Saturday, August 28, 2010

August 28

OT: Job 28:1-30:31

Well, I was a little disoriented today when I plunged into Job's discourse on mining. After 11 verses of poetic tribute to the art of getting jewels from the ground, Job contrasts the success of finding precious stones with the futility of finding wisdom. In verse 20, Job asks,

"Where then does wisdom come from?
Where does understanding dwell?"

In verse 28, he gives God's answer:

"'The fear of the Lord--that is wisdom,
and to shun evil is understanding.'"

Simple, yet effective.

What got me today was when Job took a stroll down memory lane. Specifically, I was sobered by Job's lament in 29:4-6:

"Oh, for the days when I was in my prime,
when God's intimate friendship blessed my house,
when the Almighty was still with me
and my children were around me,
when my path was drenched with cream
and the rock poured out for me streams of olive oil."

Those words gave me pause, b/c they pretty much describe how I feel right now. I feel very much in my prime; God's friendship blesses my house; my children are around me; my path is drenched with blessing; and I often imagine that God daily pours the oil of blessing on my head. That is an actual recurring image I have.

When in such a position, Job "thought, 'I will die in my own house, my days as numerous as the grains of sand. My roots will reach to the water, and the dew will lie all night on my branches'" (18-19).
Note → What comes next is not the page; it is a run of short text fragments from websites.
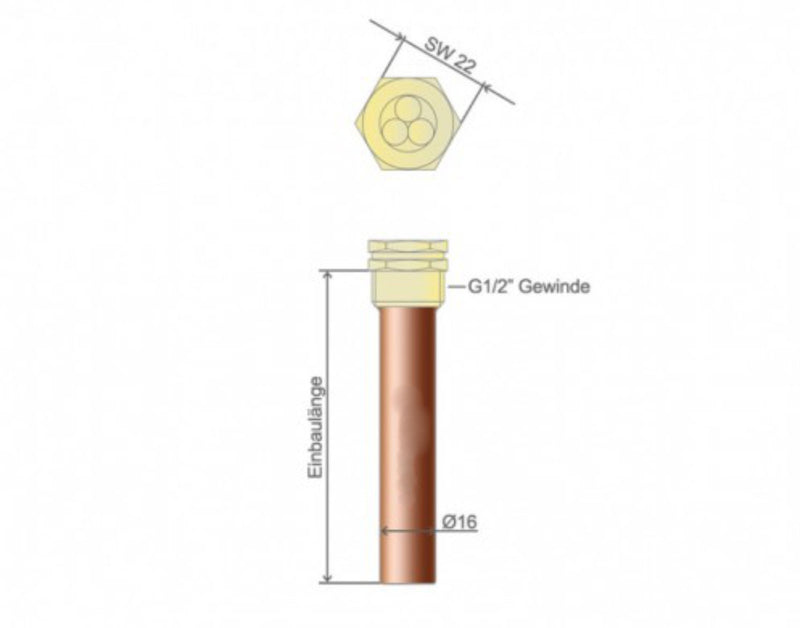 Tauchhülse Messing-Kupfer G1/2" für bis zu 3x 6mm Fühler, 100mm, 200mm, 250mm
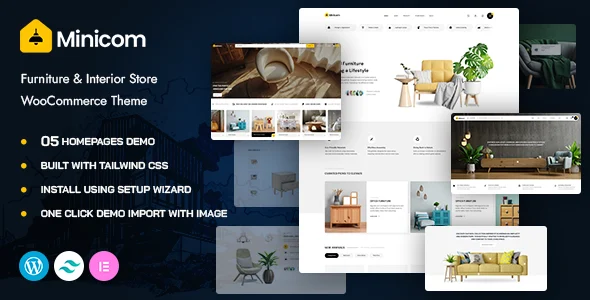 Minicom - Furniture & Interior Store WooCommerce WordPress Theme WordPress theme homepage layout for a clean furniture theme WooCommerce store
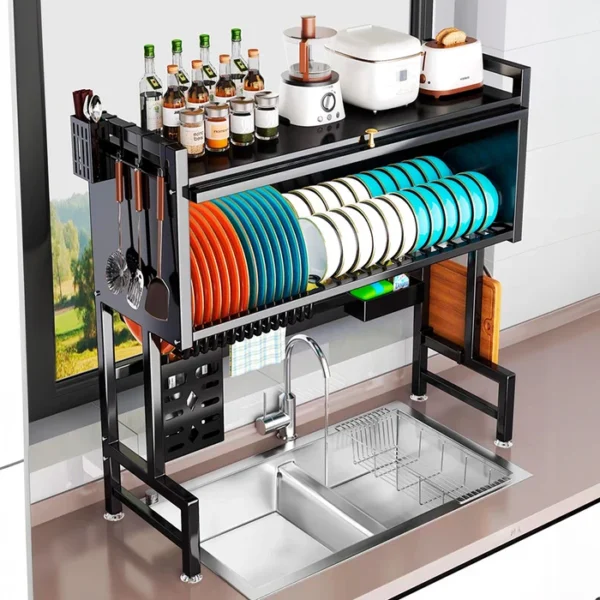 Escurridor de Vajilla Rack Organizador con 2 Estantes y Puerta de Acrílico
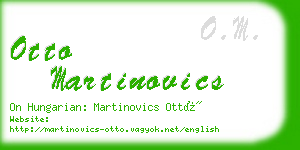 otto martinovics business card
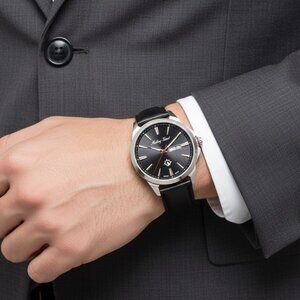 NWT Authentic Mathey-Tissot Field Scout Quartz Black Dial Men's Watch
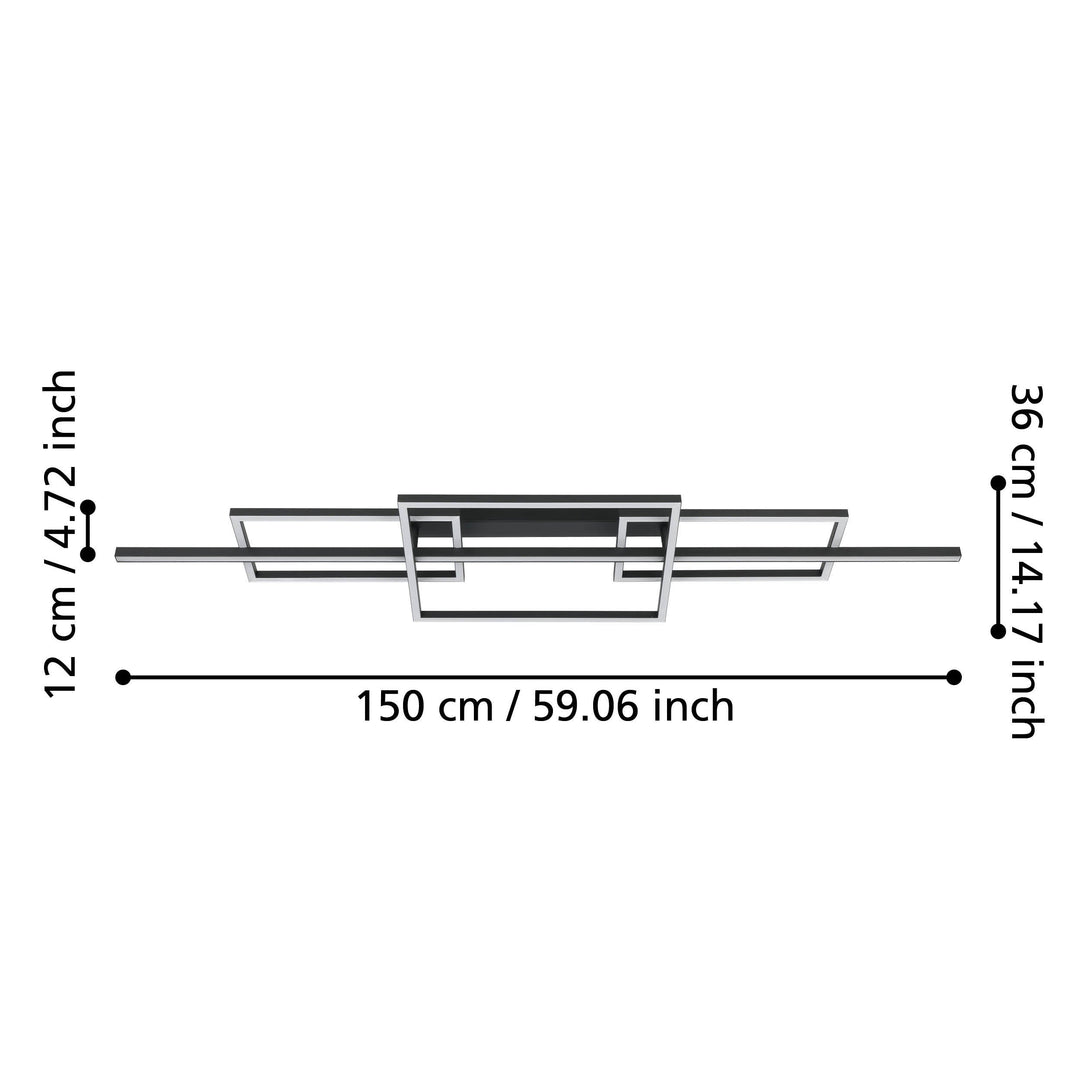 Deckenleuchte Puebla schwarz Kunststoff weiss 34,5W L:150 H:9,8 cm in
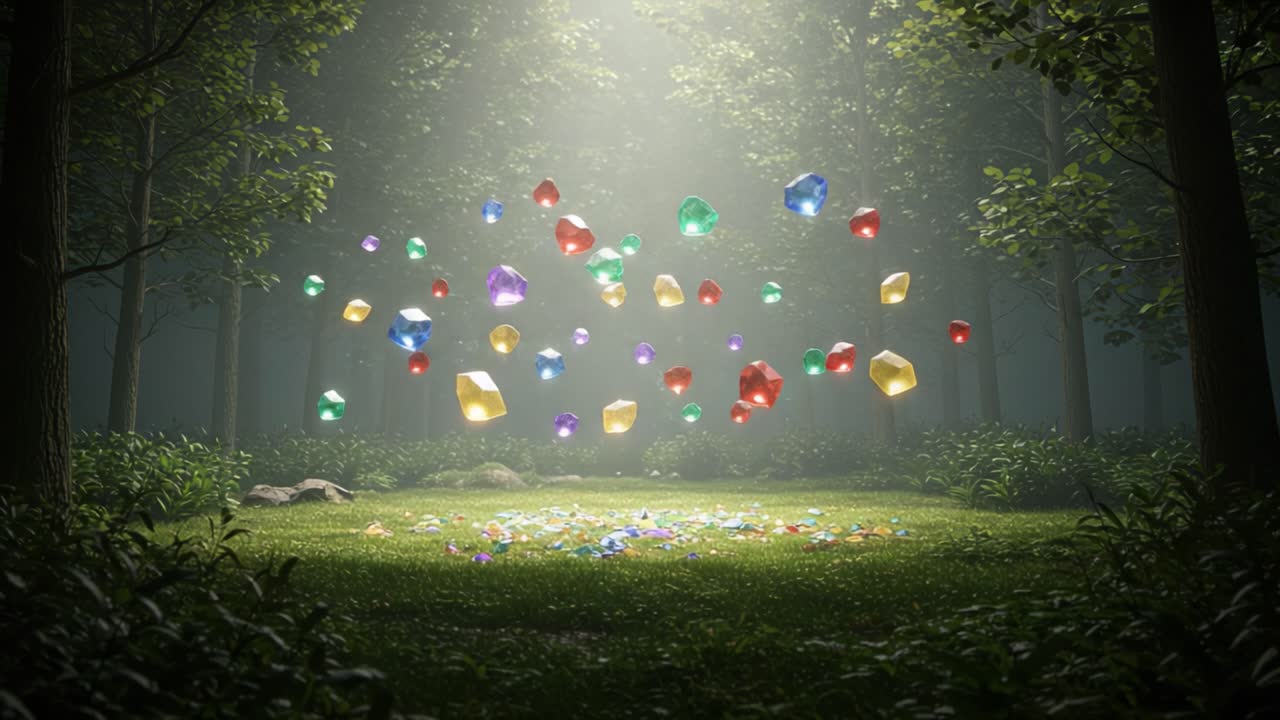A Magical Scene of Floating Gems Surrounded by Lush Green Forest, Capturing the Enchantment and Wonder of Nature's Treasures in a Dreamlike Atmosphere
It is so easy for me to become deluded into thinking that this state of blessing will last forever. And yet, I know full well that it probably won't. In fact, one of the reasons I blog regularly about my family and why I take a borderline obsessive amount of pictures is because I view such activities as somehow cupping my hands and saving a small amount of that oil of blessing. I bottle the oil in my blogs and my scrapbooks to have at a later date, should I ever be in need. I am all about planning ahead.

And until that day, I want to never take for granted this time of my life. I pray to God that a Job-like scenario never comes to pass, but if it does, I don't want to look back with regret. I don't want to rue, like Job does here, my prideful assumption that such blessings would last forever. Instead, I want to treasure them as the temporary joys that they probably are.

2 Cor. 2: 12-17

Wow, six verses. That is a record!

I like verses 14-15: "But thanks be to God, who always leads us in triumphal procession in Christ and through us spreads everywhere the fragrance of the knowledge of him. For we are to God the aroma of Christ among those who are being saved and those who are perishing." I like that imagery.

Psalm 42:1-11

We have a popular song based on verses 1-2 of this psalm. I think, though, that my understanding of those opening verses is deepened by the context of the whole song. The reason that David thirsts so desperately for God is that he is in the midst of sorrow and struggle. As much as I tend to want to avoid sorrow and struggle (see: my OT thoughts), I do recognize that they tend to be powerful conduits between man and God.
As much as we would avoid them if we could, our darkest times often end up blessing us by connecting us much more deeply with God.

Proverbs 22:7

"The rich rule over the poor,
and the borrower is servant to the lender."

As one who has been fantasizing lately about paying off my mortgage, I can vouch for the second part of that proverb:).